Stored records:
BEGIN
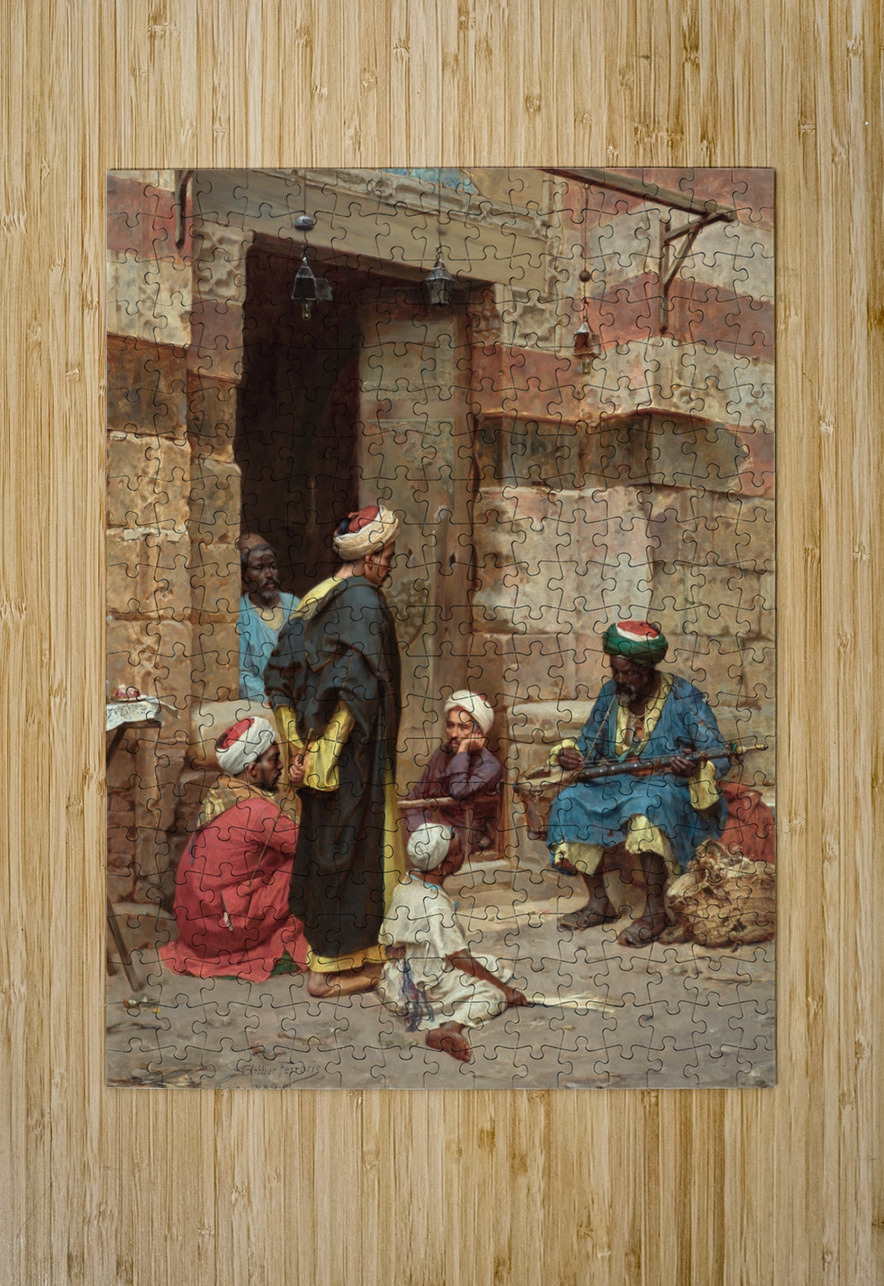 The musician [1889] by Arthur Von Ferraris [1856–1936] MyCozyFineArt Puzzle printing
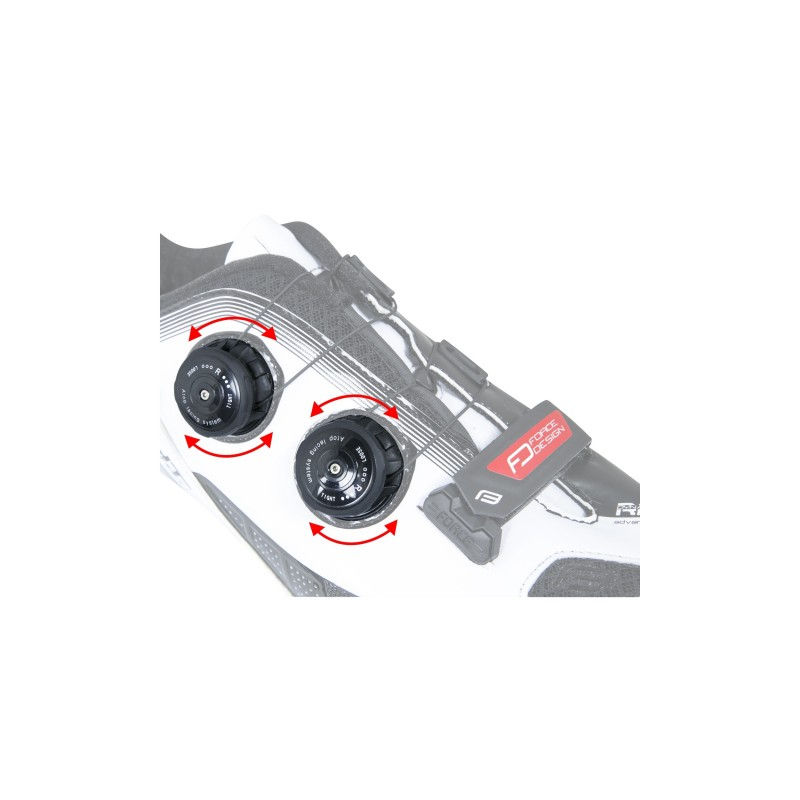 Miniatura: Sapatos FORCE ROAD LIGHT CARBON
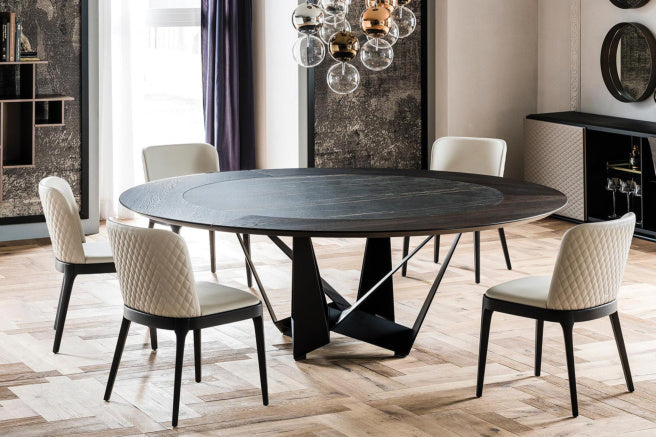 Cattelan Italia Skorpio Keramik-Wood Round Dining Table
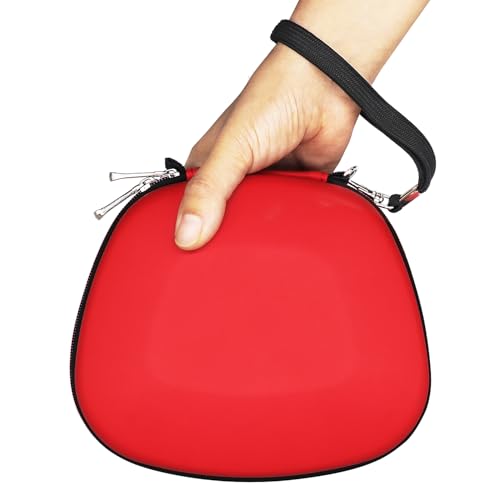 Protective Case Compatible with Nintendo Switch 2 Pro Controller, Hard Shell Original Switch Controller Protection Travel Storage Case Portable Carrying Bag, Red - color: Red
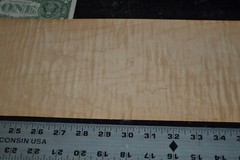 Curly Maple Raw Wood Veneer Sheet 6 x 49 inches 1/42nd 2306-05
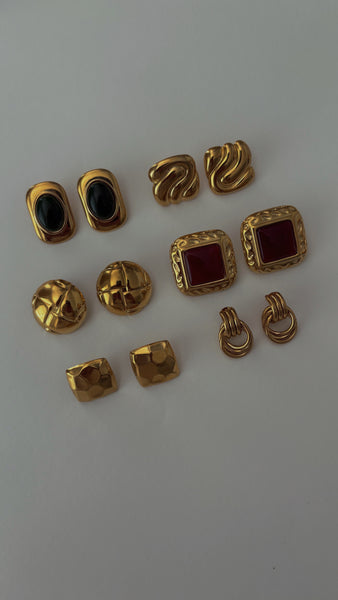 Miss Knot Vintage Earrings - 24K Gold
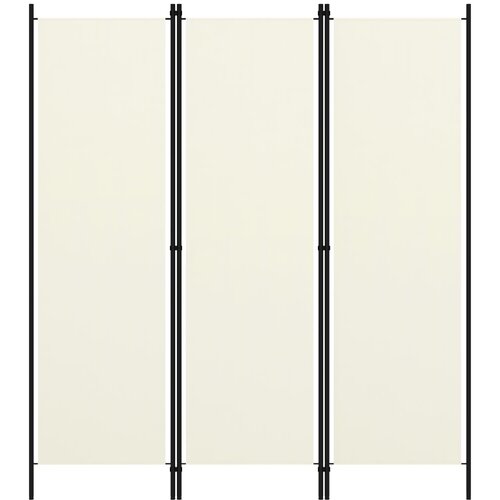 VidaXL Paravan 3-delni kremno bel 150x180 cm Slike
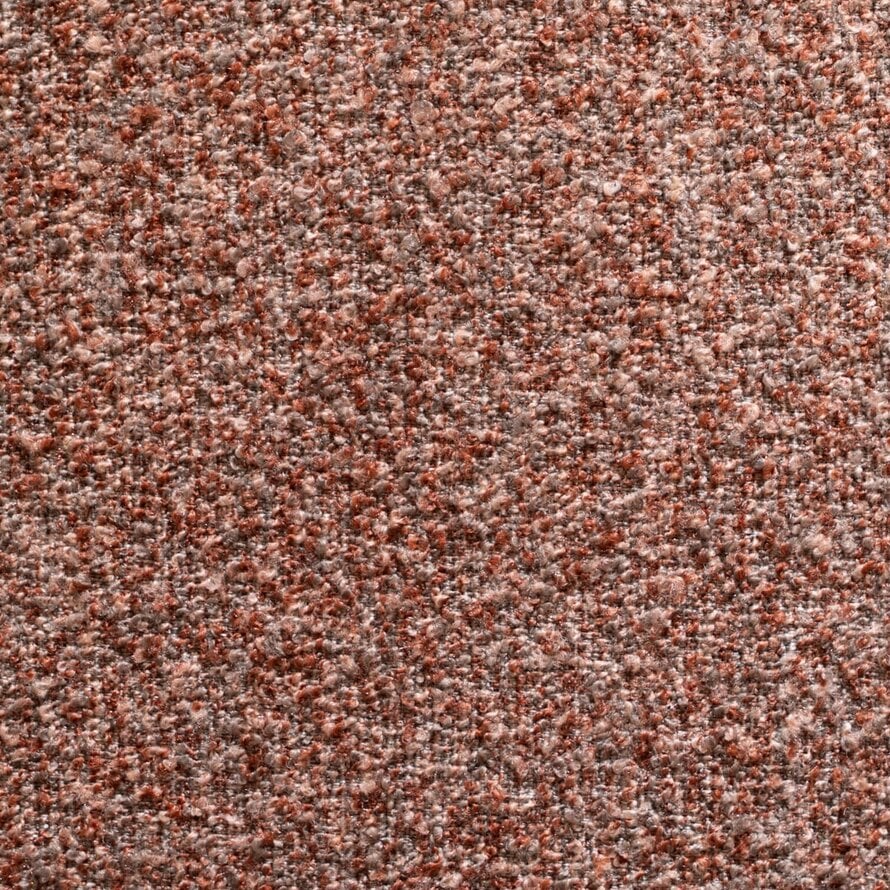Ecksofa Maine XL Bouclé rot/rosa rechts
END
What you need to do: Please output, exactly as written, the lines above from the one holding "Cattelan Italia Skorpio" through the one holding "Miss Knot Vintage Earrings - 24K Gold", both included, with the pictures omitted.

Answer to the problem:
 Cattelan Italia Skorpio Keramik-Wood Round Dining Table
 Protective Case Compatible with Nintendo Switch 2 Pro Controller, Hard Shell Original Switch Controller Protection Travel Storage Case Portable Carrying Bag, Red - color: Red
 Curly Maple Raw Wood Veneer Sheet 6 x 49 inches 1/42nd 2306-05
 Miss Knot Vintage Earrings - 24K Gold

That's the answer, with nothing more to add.